• [Material for this task]
_ _ _ _ _

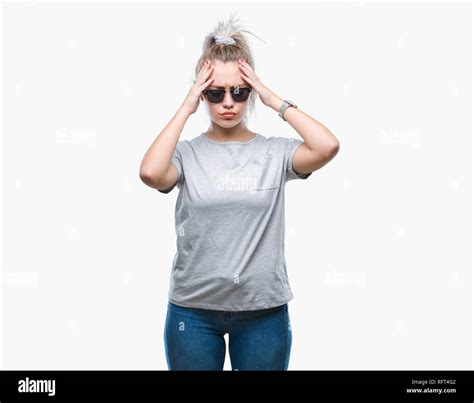 Junge Blonde Frau Mit Sonnenbrille Ber Isolierte Hintergrund Kopfschmerzen Leiden Verzweifelte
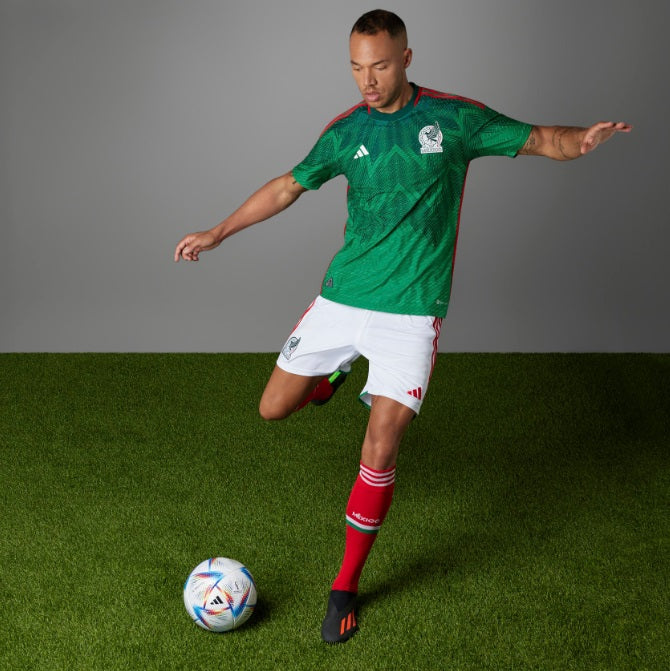 Jersey Adidas de local México Mundial 2022 versión Authentic Match, vista lateral angulada para mostrar el corte slim-fit de atleta profesional.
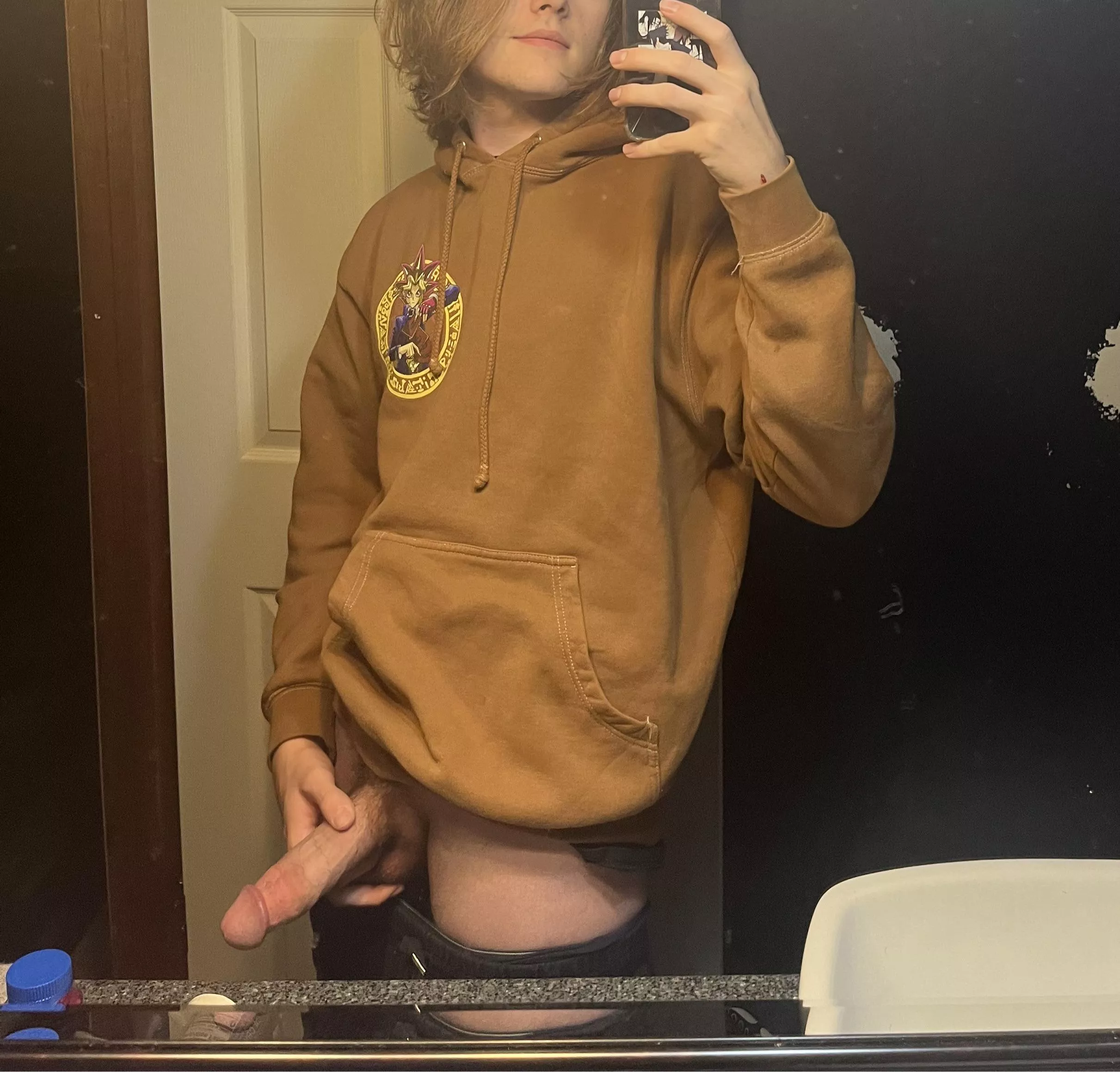 lets meet in the bedroom ?😼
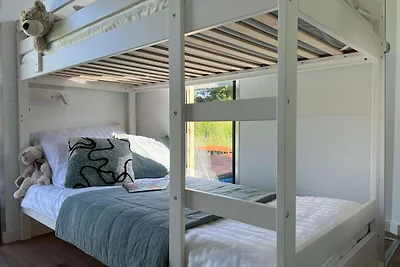 Una confortevole casa sull'acqua per 4 person...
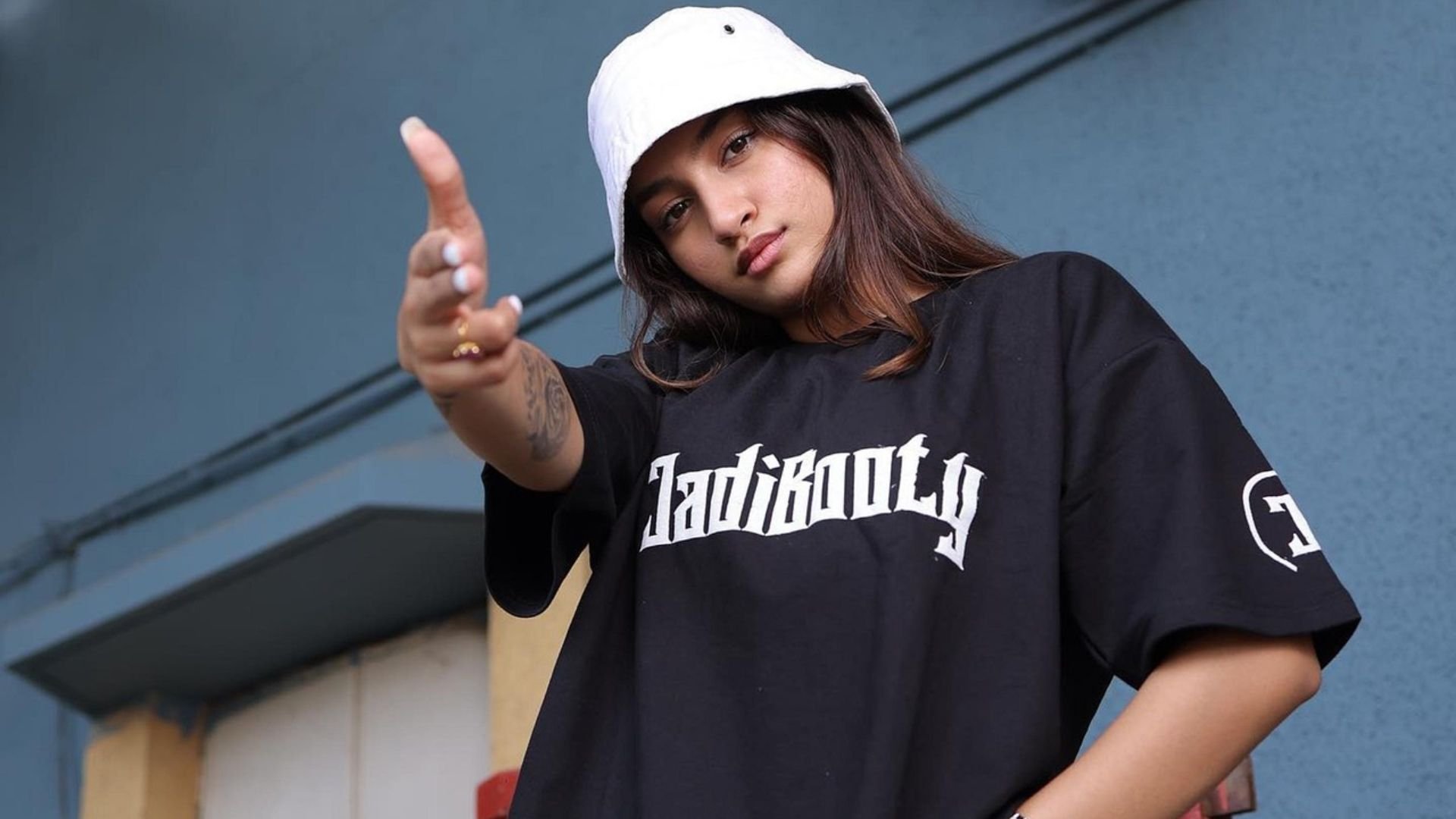 como não errar ao usar camiseta oversized feminina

_ _ _ _ _

• [Task requirements]
All lines from the one containing "Jersey Adidas de" through the final line of the entries above must be restated word for word, pictures excluded.

• [Task solution]
 Jersey Adidas de local México Mundial 2022 versión Authentic Match, vista lateral angulada para mostrar el corte slim-fit de atleta profesional.
 lets meet in the bedroom ?😼
 Una confortevole casa sull'acqua per 4 person...
 como não errar ao usar camiseta oversized feminina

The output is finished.